Information provided below:

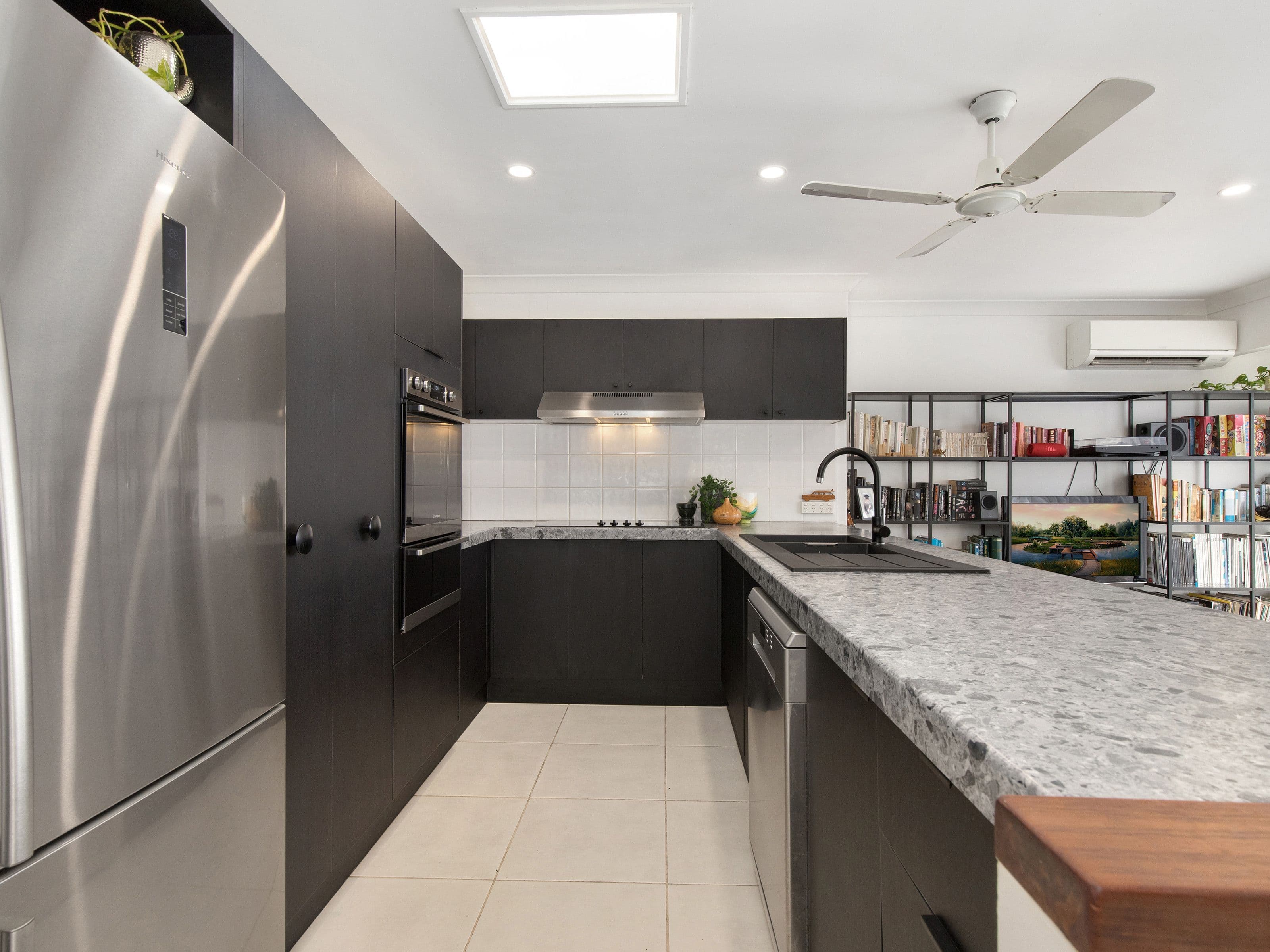 9 Heidelberg Circuit, Robina QLD 4226, Robina - Thumbnail 4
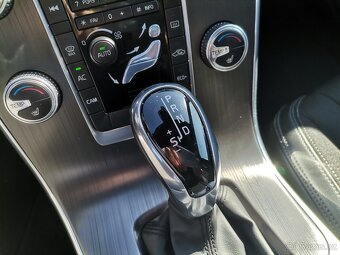 VOLVO V60 2.0 T5 Drive-E 180kW MOMENTUM automat - ČR - 12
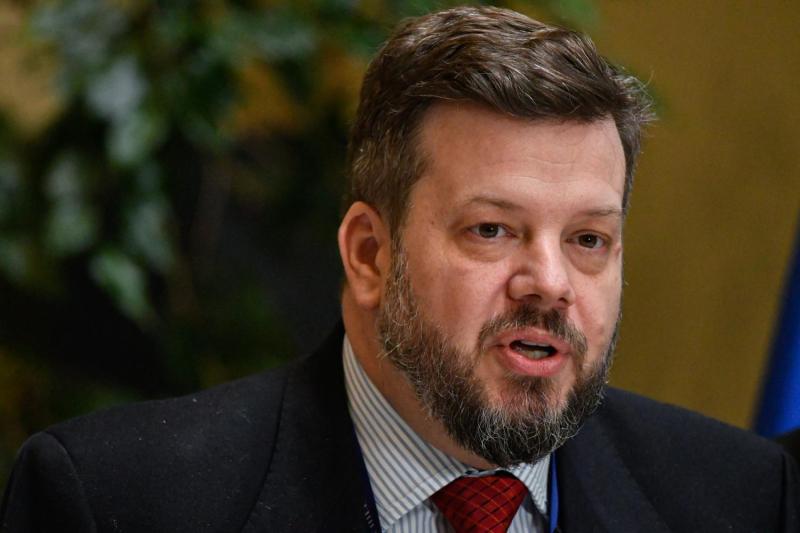Kaiser apunta contra Kast por indultos - Agencia Uno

End of Information provided.

Task to complete:
Please set down every line of the data above precisely, dropping the images.

Answer for this exercise:
 9 Heidelberg Circuit, Robina QLD 4226, Robina - Thumbnail 4
 VOLVO V60 2.0 T5 Drive-E 180kW MOMENTUM automat - ČR - 12
Kaiser apunta contra Kast por indultos - Agencia Uno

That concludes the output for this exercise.